M. Philippe Dallier - Pour rester sur ce terrain, on nous explique depuis une semaine, que, au nom de l'indépendance de la CDC, il y aurait une muraille de Chine et que cette muraille explique le fait qu'il n'y ait eu ni de communication ni de feu vert donné par l'Etat à l'administration. Soit. Cela dit, le pacte d'actionnaires, négocié durement d'après ce que l'on nous a expliqué, a imposé à l'Etat français de ne pas monter au-delà de 15 % dans EADS. Nos amis allemands pouvaient être fondés à penser que, la CDC, bras armé de l'Etat, se portant acquéreur de 2,25 % des parts de Lagardère, cela constituait un coup de canif dans le contrat entre Allemands et Français. Comment se fait-il qu'à ce niveau, à la CDC, personne ne se soit posé la question du problème politique que cela pouvait engendrer ? Cela reste pour moi un véritable mystère. Peut-être pourriez-vous nous dire quelques mots sur la façon dont nos amis allemands le vivent.
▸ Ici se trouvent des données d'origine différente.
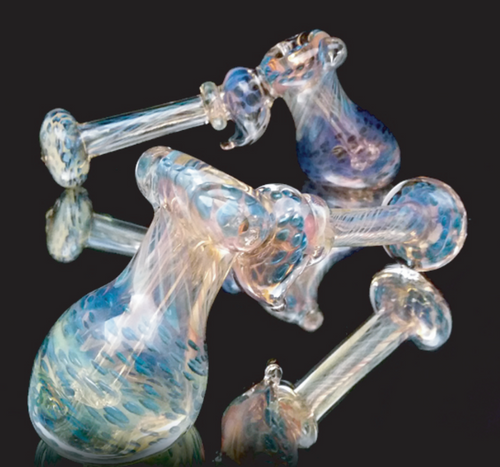 Fully Worked Hammer Bubbler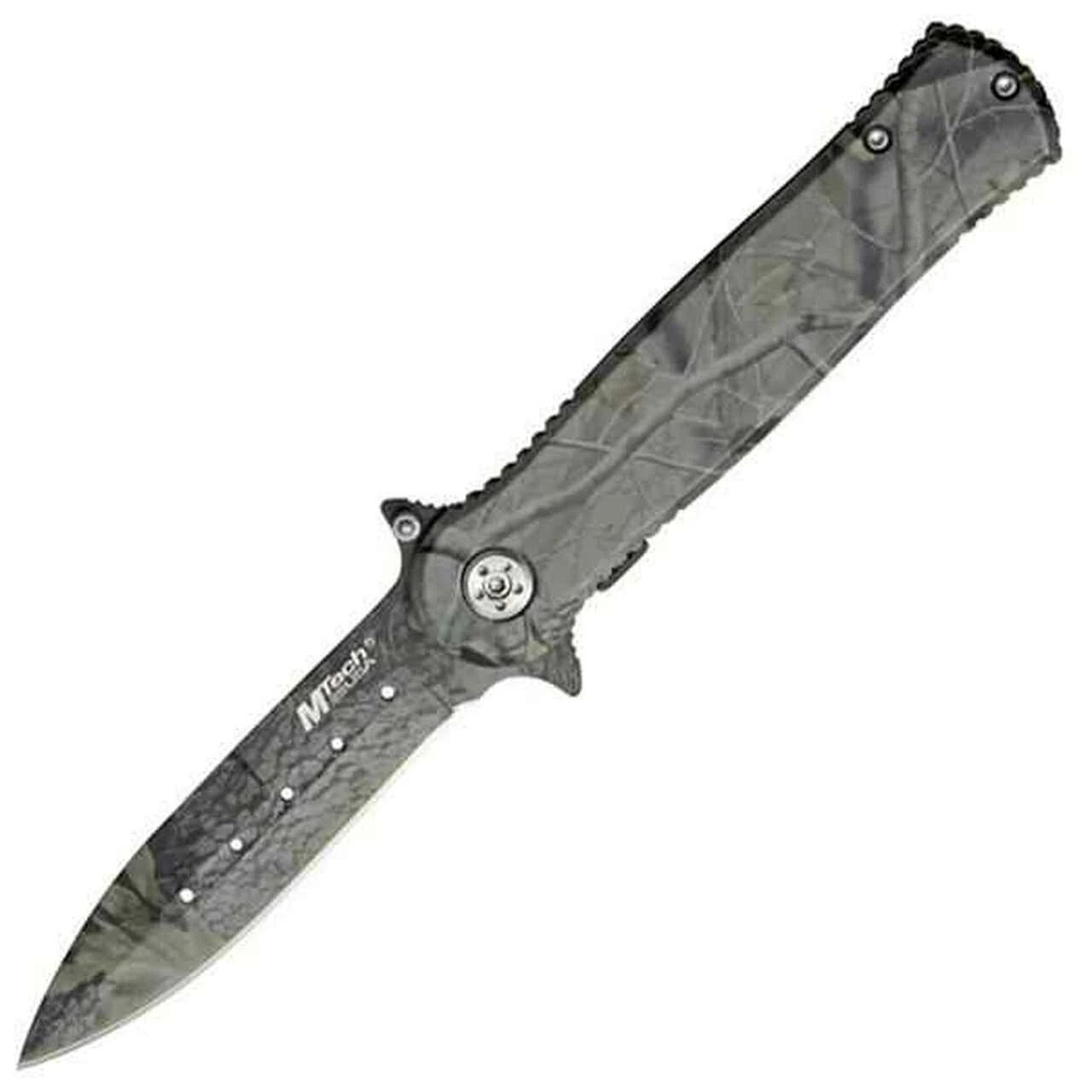 Best Sale 🔔 MTech All Camo Folder with Bayonet Style Blade, Linerlock 😍 1 Best Sale 🔔 MTech All Camo Folder with Bayonet Style Blade, Linerlock 😍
M. Jean Arthuis, président - Il va être difficile de parler à la place de la Caisse de dépôts. Il existe une muraille de Chine entre le ministre et la Caisse des dépôts.

Mme Christine Lagarde, ministre de l'économie, des finances et de l'emploi - On m'a simplement interrogée sur la communication avec mon homologue allemand. Je l'avais, bien entendu, tenu informé de mon souci de clarté et de transparence sur la façon dont les services de l'Etat se sont acquittés de leur mission. Je lui ai transmis à 18h15 la photocopie du rapport d'enquête. Il me paraît logique, en tant que partenaire, de partager ce type d'information. Mon homologue possède donc la copie en langue française puisque nous ne disposions pas d'une traduction allemande.
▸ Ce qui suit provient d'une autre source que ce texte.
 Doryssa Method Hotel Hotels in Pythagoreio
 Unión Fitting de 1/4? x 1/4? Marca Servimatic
M. Jean Arthuis, président - Madame la ministre, monsieur l'inspecteur général, cette commission arrive à son terme. Elle apporte un éclairage complémentaire. Il me semble que, depuis une semaine, nous avons progressé. Nous nous efforcerons, dans les jours qui viennent, de clarifier notre pensée et peut-être formulerons-nous, à la suite de différents débats, quelques recommandations et propositions, notamment sur cette question de la gouvernance

Merci, Madame, d'être venue aussi rapidement, nous communiquer les résultats du rapport d'analyse. Il s'agissait de connaître le rôle de la caisse des dépôts et des services de l'Etat dans cette affaire. Cela nous rassure, car cela ne peut pas se passer autrement. La transparence permet de couper court aux soupçons.

Merci.

(La séance est levée à 20 heures 20).